Sexual Orientation and Gender Identity 

  1. Men in Uzbekistan who engage in consensual same-sex sexual conduct face arbitrary detention, prosecution, and imprisonment under article 120 of the criminal code, which carries a maximum sentence of three years in prison. Gay men also face homophobia, threats, and extortion by both police and non-state actors.25 According to the National Centre for Human Rights, a government body, 25 of 36 people convicted in 2021 under article 120 are serving prison sentences.26 

  1. Uzbekistan’s draft criminal code retains the offense, with the wording unchanged, under article 154. On his recent visit to Uzbekistan on March 15, 2023, UN High Commissioner for Human Rights Volker Türk called for “legislation to decriminalise same-sex relations.”27  

  1. Uzbek police and courts have relied on the conclusions of forced anal examinations conducted between 2017 and 2021 to prosecute gay men for consensual same-sex relations.28 Such exams are a form of violence and torture, according to the World Health Organization. 

  1. In August 2022, the Internal Affairs Ministry proposed a new law requiring compulsory medical examinations of so-called “dangerous groups,” namely men who have sex with men, sex workers, and drug users, to test for HIV.29 

  1. Urge the Uzbek government to: 

  • Condemn gross abuses over people’s sexual orientation or gender identity and ensure the personal security, privacy, and nondiscrimination of lesbian, gay, bisexual and transgender (LGBT) people in Uzbekistan. 

  • Decriminalize consensual same-sex conduct between men. 

  • End the use of forced anal examinations against men who engage in consensual same-sex relations. 


Women’s Rights 

  1. Although the Uzbek government accepted in 2018 the recommendation to sign the Optional Protocol to the Convention on the Elimination of All Forms of Discrimination against Women and pledged to continue efforts to eradicate gender-based violence, domestic violence remains a serious problem in Uzbekistan.30  

  1. Discriminatory attitudes, stereotypes about gender roles and pressure to address domestic abuse as a private “family matter” contribute to perpetuation of victim-blaming and normalization of violence against women and girls, including by authorities, as well as lack of accountability for perpetrators.31 Domestic violence is not explicitly criminalized and the draft Criminal Code, published in February 2021, did not include a standalone offense of domestic violence.  

  1. In its February 2022 conclusions on Uzbekistan, the UN Committee on the Elimination of Discrimination against Women noted concern about the “high incidence of gender-based violence against women” and called on the government to explicitly criminalize domestic violence, effectively investigate and punish perpetrators, strengthen victim services and protection, and amend legislation to include a consent-based definition of rape, among other recommendations.32  

  1. Urge the Uzbek government to: 

  • Ensure that domestic violence is criminalized as a stand-alone offense. 

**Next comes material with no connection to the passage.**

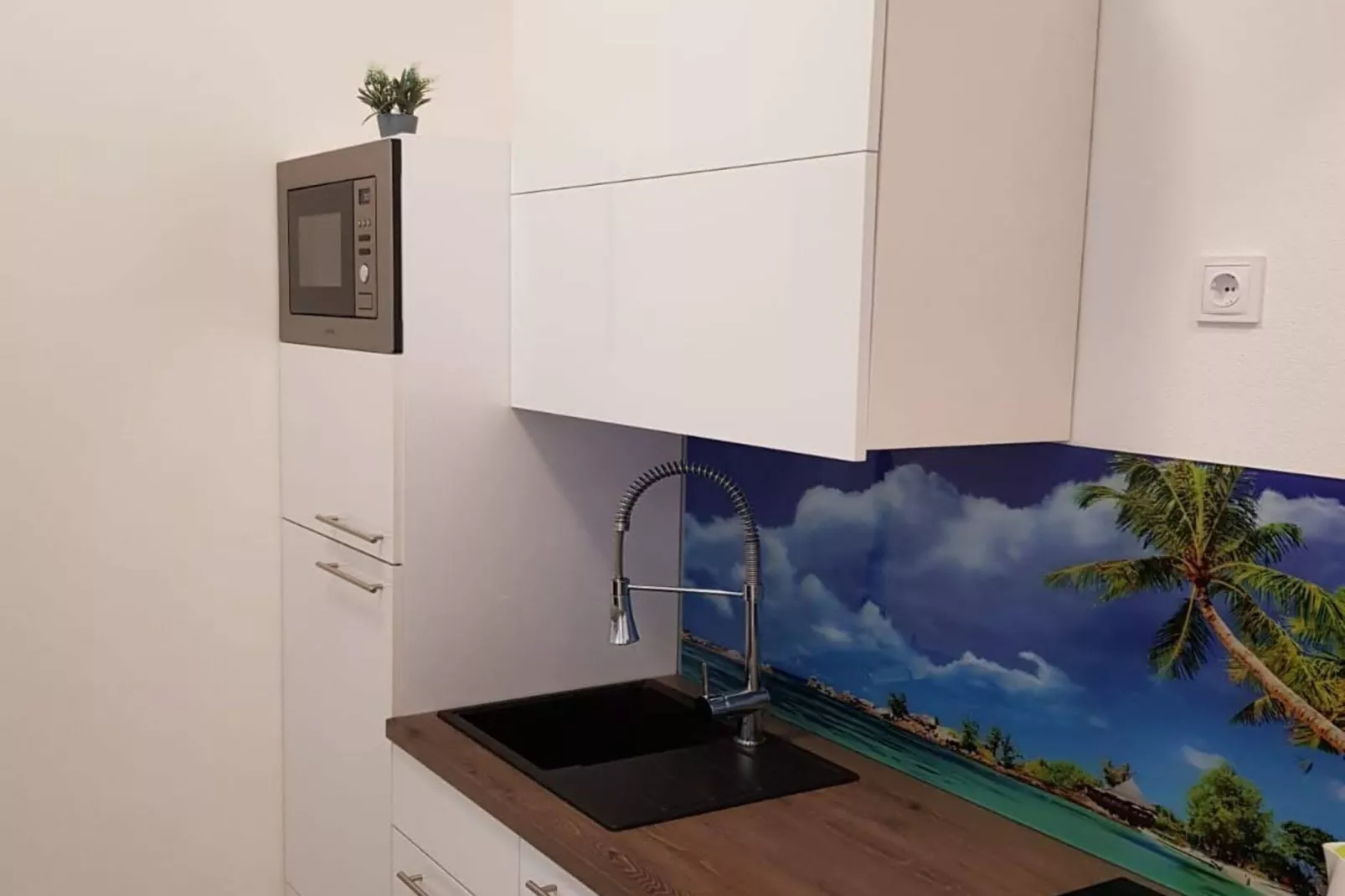 One-Bedroom Sea View Apartment-Kitchen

  • Implement in full the conclusions of the UN Committee on the Elimination of Discrimination against Women and end impunity for violence against women and girls and hold perpetrators accountable. 


Refugees and Asylum Seekers 

  1. Uzbekistan in 2018 accepted the recommendation “to ratify the Convention relating to the Status of Refugees and the Protocol thereto,” but in the years since has not ratified the treaty.  

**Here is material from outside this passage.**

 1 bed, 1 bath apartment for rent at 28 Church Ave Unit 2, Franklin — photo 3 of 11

  1. In 2021, Uzbekistan assisted Western powers in evacuating thousands of at-risk Afghans by allowing planes to refuel and passengers to transit to safe, third countries, and by temporarily hosting hundreds of Afghan pilots and their families who covertly fled Afghanistan.33 At the same time, Uzbekistan closed its border to Afghans fleeing the country and has not come up with a long-term solution for the several thousand Afghans who currently reside in Uzbekistan on short term visas.  

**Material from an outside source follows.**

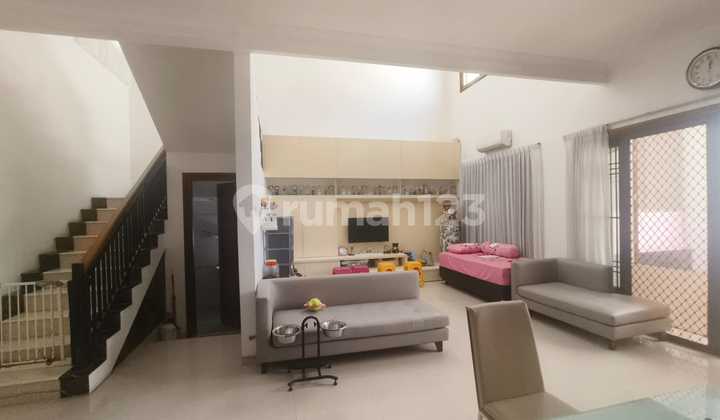 FOR SALE RUMAH 2 LANTAI SIAP HUNI REGENCY 21 SURABAYA KOTA LA 424 2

  1. Urge the Uzbek government to: 

  • Sign and ratify the 1951 United Nations Refugee Convention. 

  • Allow fleeing Afghans access to and to seek international protection in Uzbekistan.  

  • Provide Afghans who already have visas or residence permits to third countries permission to enter Uzbekistan so their paperwork can be processed while they are in a safe location, before they continue onward travel.